For Annika Knutsson, the race director of the Göteborgsvarvet Half Marathon, March 11 was a day on which everything was turned upside down. It was then that the decision was made to cancel this year’s race. The event, which each year attracts 80,000 runners who participate in at least one of the races during the week, as well as hundreds of thousands of spectators, usually fills the streets of Gothenburg.
“This event means so much, both for the runners and for the city, so it was a really tough decision to make. At the same time, however, we had already begun planning to organise virtual races – this just sped up the process”, explains Annika Knutsson.
In Gothenburg’s role as European Capital of Smart Tourism, digitalisation has been a priority area. For this reason, there has been great interest in the development of virtual events, concerts and other cultural experiences. Another example is El Sistema’s Side by Side music camp, which last year attracted more than 2,000 participants to Gothenburg from all around the world. This, too, will be held digitally this year.
With regard to virtual races, Europe currently lags behind USA, where these have become relatively common in recent years. Göteborgsvarvet Virtual Race 21k was one of the first large-scale such events to be held on this continent.

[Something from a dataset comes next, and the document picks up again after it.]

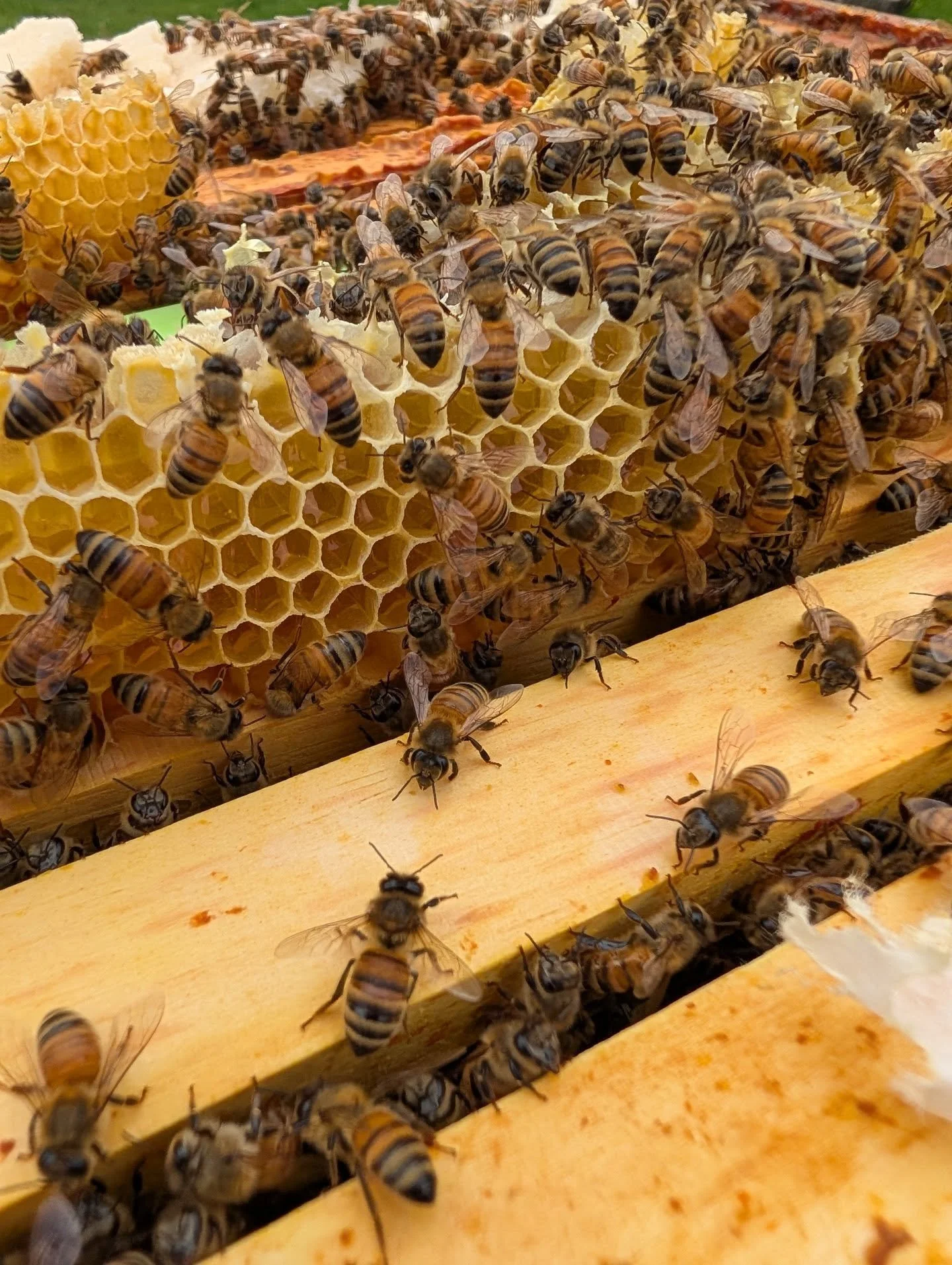 I have one hive that is going crazy building all over the place even though I gave them fresh comb frames. This colony is gonna be a handful this season I can tell 😬🐝❤️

As always, the distance was 21.1 kilometres, and the registered participants had to run this distance during the weekend of May 15–17. With the help of a downloaded app, the distance run was registered on the runners’ mobile phones or GPS watches.
A total of 3,336 runners, from 24 different countries, completed the race. Together, they ran a combined distance of 70,643 kilometres, and the fastest times were 1:10:30 for men and 1:19:24 for women.
“It worked really well – particularly considering that this was the first time. We will continue to arrange virtual races at various points in the future, and with different distances. This is something we believe the runners will want to be involved in”, says Annika Knutsson.
The hope is that the Göteborgsvarvet Half Marathon will return in 2021, once again filling the streets of Gothenburg with runners and spectators over the course of an intensive week in May. “Yes, we really hope this will be possible. The virtual race is a good complement, and is good both for public health and for the race, but it cannot replace running together in front of a large crowd of spectators. In 2021, Gothenburg will be celebrating its 400th anniversary, so we will be arranging both the regular Göteborgsvarvet Half Marathon and a special full-length marathon in September, for which several thousand runners have already registered.”